I WANTED TO THROW A little party. Okay, “party” is too strong a word. But I wanted to do something for Trixie and Earl. Have them over for a drink. I mentioned this to Sarah.

“So we’re going to throw a bash for a pot grower and a hooker,” she said.

“Well,” I said, “to the best of my knowledge, she just ties them up and spanks them, but she doesn’t fuck them.”

“Oh, my mistake. I’ll get out the good china.”

But she was actually pretty decent about it. At some level, Sarah seemed to understand that once I was in this mess I’d created for myself, I had to find a way out of it, and that Trixie and Earl were the unlikely pair who’d been there when I needed help. So we invited them over for a Wednesday evening, early. Trixie explained that she had a nine o’clock, and there was a lot of prep work. Costuming and all. Sarah made a lasagna and we uncorked a few bottles of wine.

Earl had said no, at first. He was glad to have helped out, but he wasn’t sure he felt comfortable coming over. He knew Sarah was pissed. But I leaned on him a bit, reminded him that, up to now, I’d managed to avoid mentioning his role to the police, and I was pretty sure they weren’t going to hear about him from Greenway or Carpington, who’d both hired high-priced lawyers and weren’t saying a word to anyone.

Trixie, too, had concerns about coming over. “Sarah knows what I do?”

“Yeah.”

“And the kids?”

“I’m less sure. I haven’t told them directly. But they’re not stupid. I don’t want you to take this the wrong way, but as long as you’re not going to be their guidance counselor, I think it’s okay.”

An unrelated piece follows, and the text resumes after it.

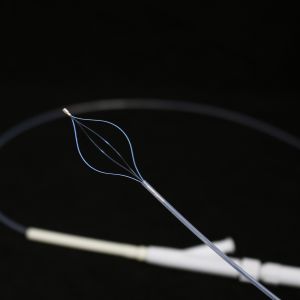 Diamond Shape Stone Retrieval Basket Convenient Operation CE Certificate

And so they came. We even invited over some of the other neighbors, the ones who’d stood out on the sidewalk the morning everything happened. We thought they might like to get to know what we were like when there weren’t so many emergency vehicles around. We finally met the people directly next door, in the house between ours and Trixie’s-the Petersons-a couple who worked as control room technicians for a Christian television network. I so wanted to tell them what their other neighbor did for a living, but held my tongue.